La strada, del 2006, ha rappresentato l’estremizzazione del concetto: questo faticoso incedere verso una libertà più sognata che reale in un mondo senza più speranze, che ormai occupava tutta l’immaginazione dello scrittore. Senza più sfondi ricordati o elaborati, senza più niente se non l’intima consapevolezza dei protagonisti.

Il lascito 

Di lì in poi, un lungo silenzio, rotto solamente nel 2023 con la pubblicazione di Il passeggero e Stella Maris, una sorta di chiusura in minore che tornava timidamente sui passi dell’autobiografia ma che ha denunciato tutta la spossatezza dell’autore e la sua necessità di capire ancora meglio cosa ci fosse dietro all’esistenza; interrogare la scienza, trovare risposte oggettive e abbandonare, definitivamente e una volta per tutte, l’interpretazione soggettiva, foriera di frustrazione e inimmaginabile fatica.

In un articolo comparso sulla rivista Nature nel 2019, in cui dispensava consigli per chi volesse scrivere di scienza, McCarthy sosteneva che alla base della divulgazione ci sia la ricerca, ma che alla base della ricerca ci sia la fantasia. Solo immaginando uno scenario possibile si accende la miccia della curiosità che spinge alla verifica. E questo, più di qualsiasi altro ragionamento, è ciò che meglio sintetizza una carriera letteraria grandiosa, essenziale e vibrante come la sua.

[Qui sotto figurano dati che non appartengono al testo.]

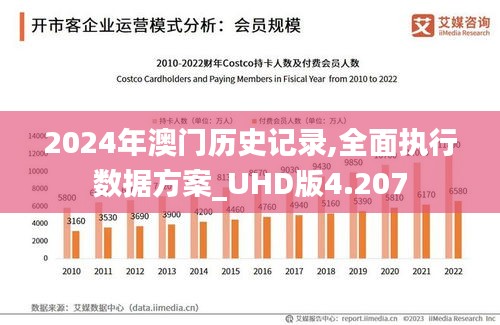 2024年澳门历史记录,全面执行数据方案_UHD版4.207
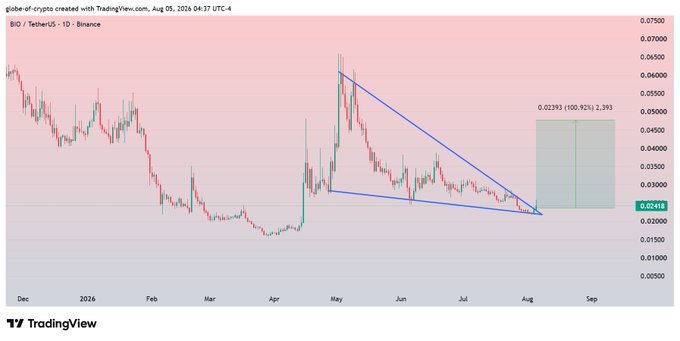The image shows a TradingView daily chart for BIO/USDT on Binance, displaying a bullish pennant pattern in the price action with a projected target zone marked at 0.02393 (+100.92%) to 2.393, indicating potential upside toward $0.05 following the breakout. The blue converging trendlines form the pennant structure after a strong rally in April, supporting the post's claim of a bullish breakout continuation.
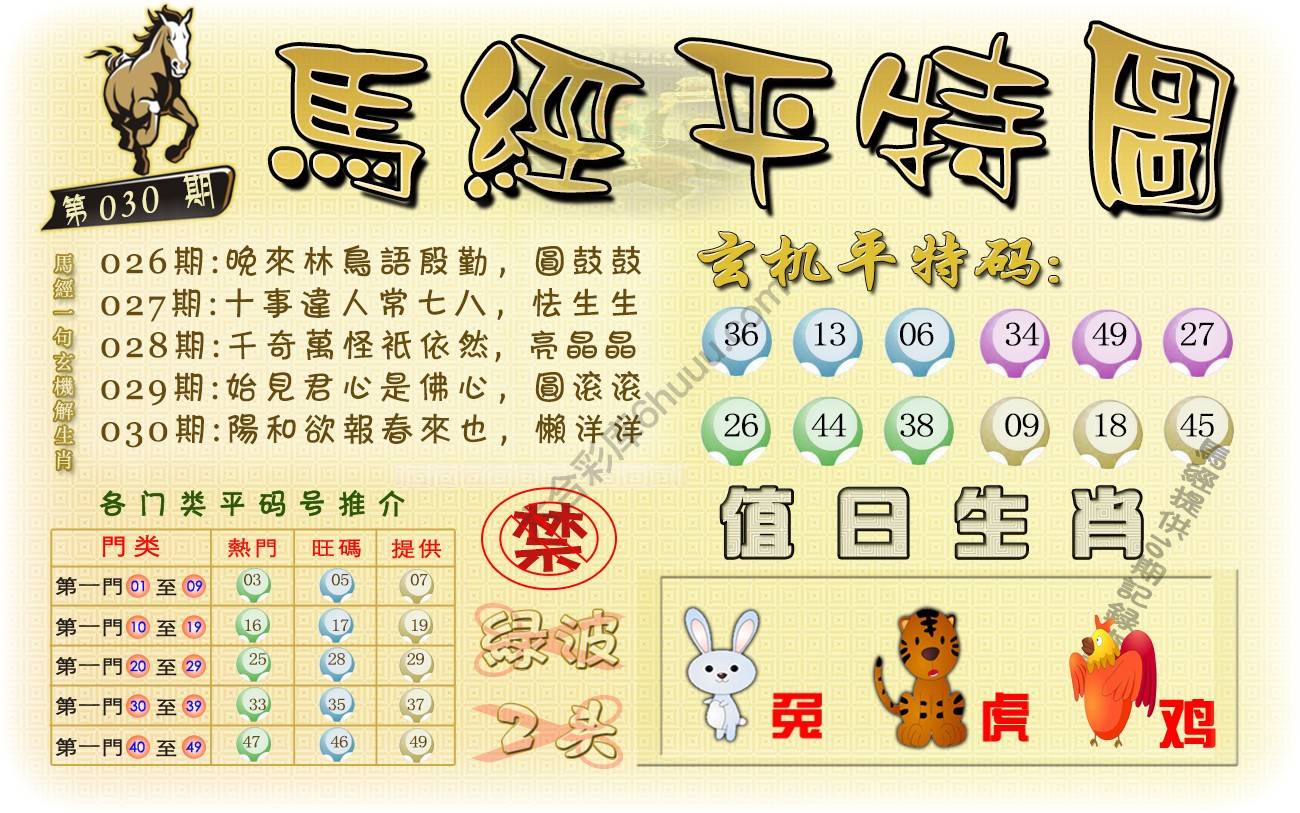 马经平特图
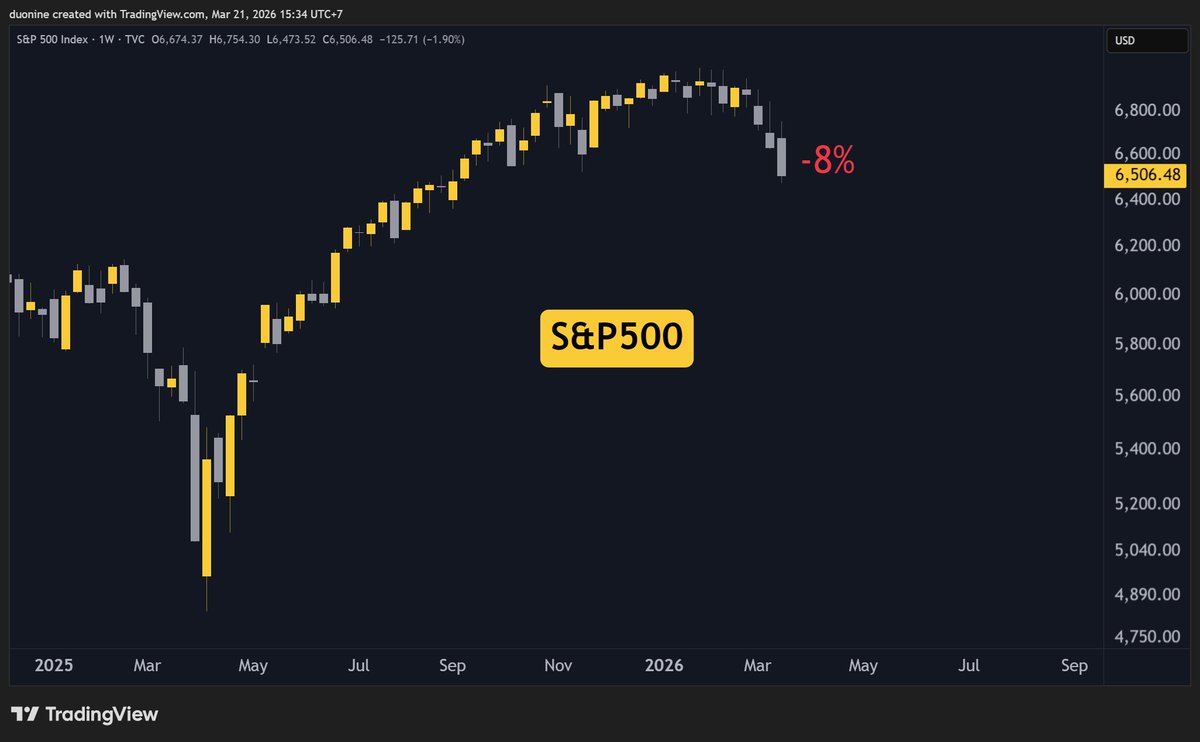 Duo Nine ⚡ YCC tweet media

Ora in molti si interrogheranno sul suo lascito e proveranno a incoronarne gli eredi. Qualcuno indicherà Philipp Meyer, qualcuno Norman Lock, qualcun altro Alma Katsu. La verità è che, sebbene esista un manipolo di buone penne in grado di emularlo, nessuno sarà mai maledetto da un senso dell’esistenza come quello di Cormac McCarthy, che di fronte alla fine ha voluto prendere un’altra deviazione.